Nothing has ever made me love M4 as much as CMake. You see, m4 is a
defined thing. You can go and read up on what M4 is, what the syntax is
and know that it's an actual language.

With CMake, all you have is one crappy (expensive) book that solves none
of the problems you run into on a larger project, and the online
documentation is just as lacking.

Also, when you do hit an issue you've got pretty much nothing to fall
back on apart from CMake source code, which isn't exactly where you want
to be. The "language" for CMake is not well defined anywhere that I've
found, so unlike M4, it's not actually a defined thing.

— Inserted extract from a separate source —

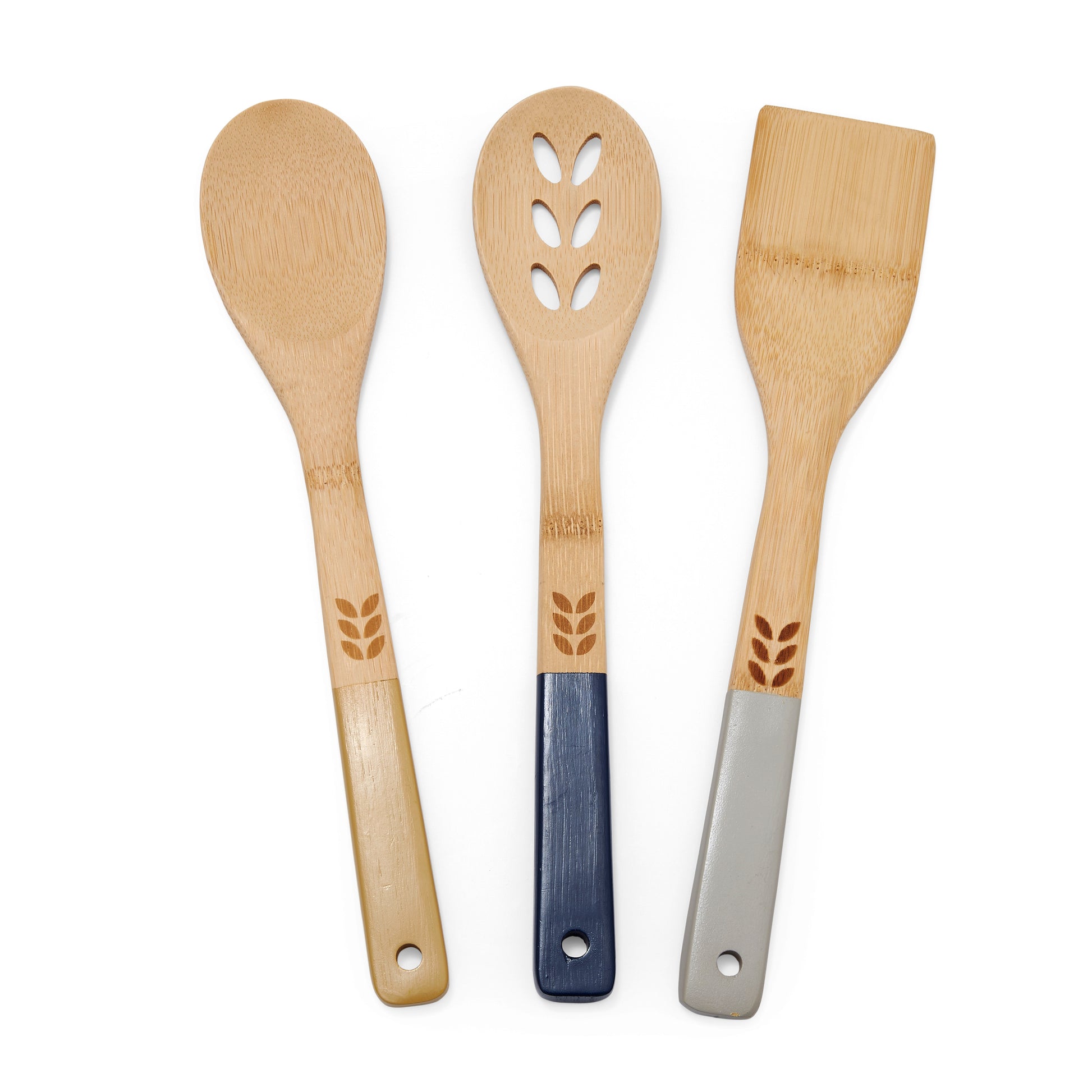 Bauhaus Geo Bamboo Utensils - Set of 3 Cooksmart England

Sure, trudging through broken generated /bin/sh scripts to find out what
you put wrong in your configure.ac/m4 foo is annoying, but /bin/sh is
also a defined thing - and now that you have m4 being a defined thing
and sh being a defined thing, you can at least through some intelligent
trial and error get somewhere. Not so with CMake, you get one cryptic
error message out of CMake and that's it - you get to keep both pieces.

It goes the same for the Makefile part, Makefiles are a defined thing
that you can go and fix, not so with CMake, there's this giant binary in
the way of your CMakeLists.txt and your makefiles (which may actually be
Visual Studio project files for the Windows side of things).

Then there comes things like ensuring 'make dist' and 'make distclean'
work correctly, which can be slightly challenging for CMake (for
example, MySQL has never gotten 'make distclean' to actually work with
CMake).

Sure, you can write horrible autoconf and automake things, but there's a
decent amount of documentation out there as to how to write really good
autoconf and automake - and it's honestly pretty easy.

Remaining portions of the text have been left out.